A blog in The Times of Israel makes it clear that the normal time of lighting (“as soon as possible after nightfall”) is observed in Melbourne Australia:
For starters, it only gets dark well after 9pm. There’s no rush to get
home in time to light at dusk, and dinner is all over by candle
lighting time. Indeed, we have to keep the smaller children up for
candle lighting, after which we do our best to get them to bed!
and
Add to this a multitude of outdoor Chanukah celebrations in shuls and
local parks, typically culminating in a menorah lighting at dusk.
A Chabad article also for Melbourne starts:
Since the sun sets late in summer and the menorah should be lit around
nightfall, the younger children’s lighting often winds up being the
culmination of an evening of celebration.
But then the position is shaded slightly:
“We have a menorah parade in central Hobart and a public
menorah-lighting outside the historic Launceston Synagogue,” says
Rabbi Yochanan Gordon, who co-directs Chabad of Tasmania in Australia
with his wife, Rochel, “but we do it all when it’s still daytime.”

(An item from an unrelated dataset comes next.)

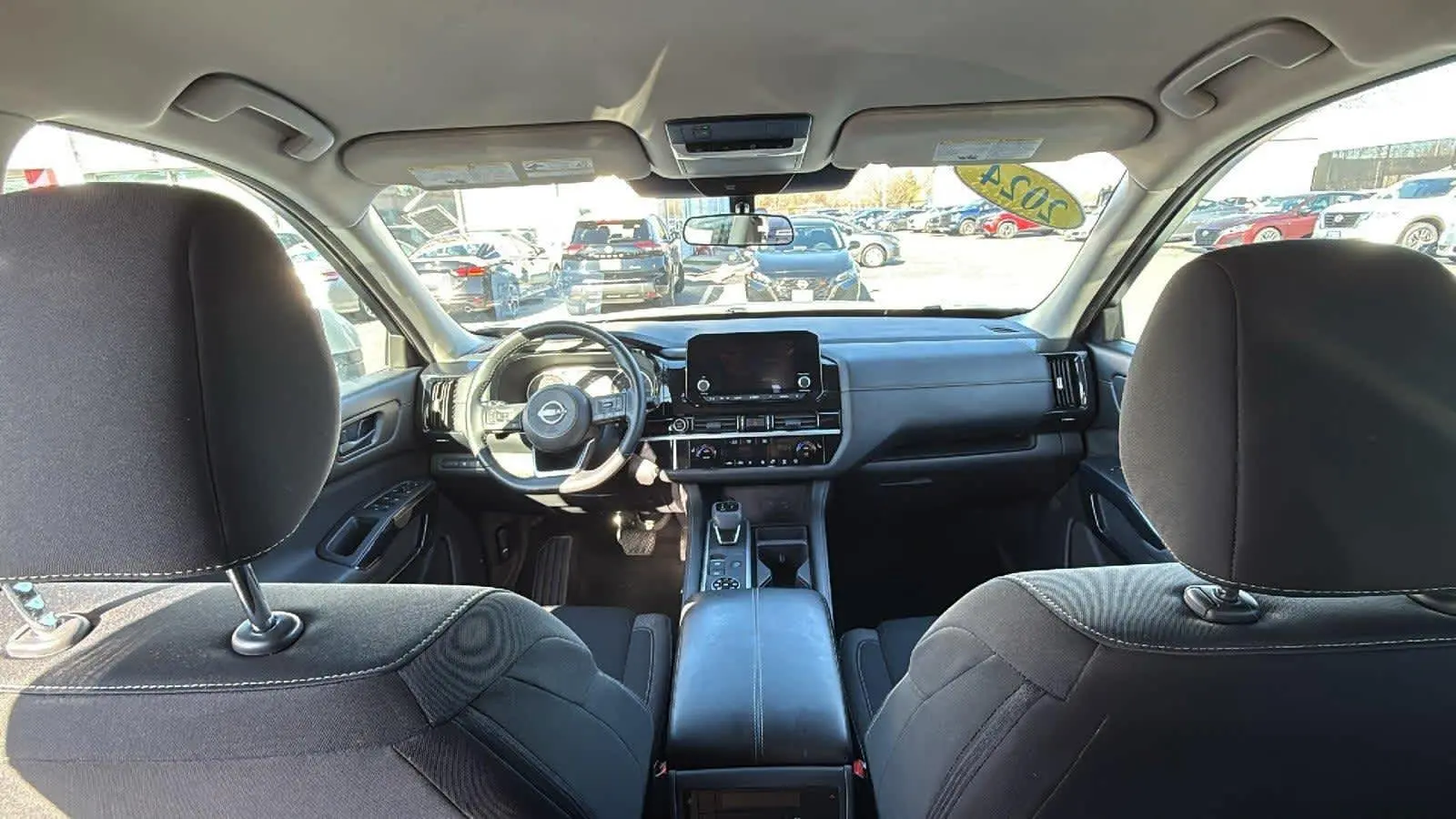 2024 Nissan Pathfinder SV photo 19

Gordon says the Talmud teaches that the proper time for lighting a
menorah is from dusk—sometimes not until 9 p.m. there–until the last
few stragglers are leaving the public market, in this case, the city
streets.
“Since our public menorah is electric, it does not qualify for the
mitzvah in any case, but if we were to wait for the proper time,” he
reasons, “there would be very few stragglers indeed.”
That means that the proper time remains around nightfall but Chabad there have public celebrations which do not technically constitute lighting the menorah.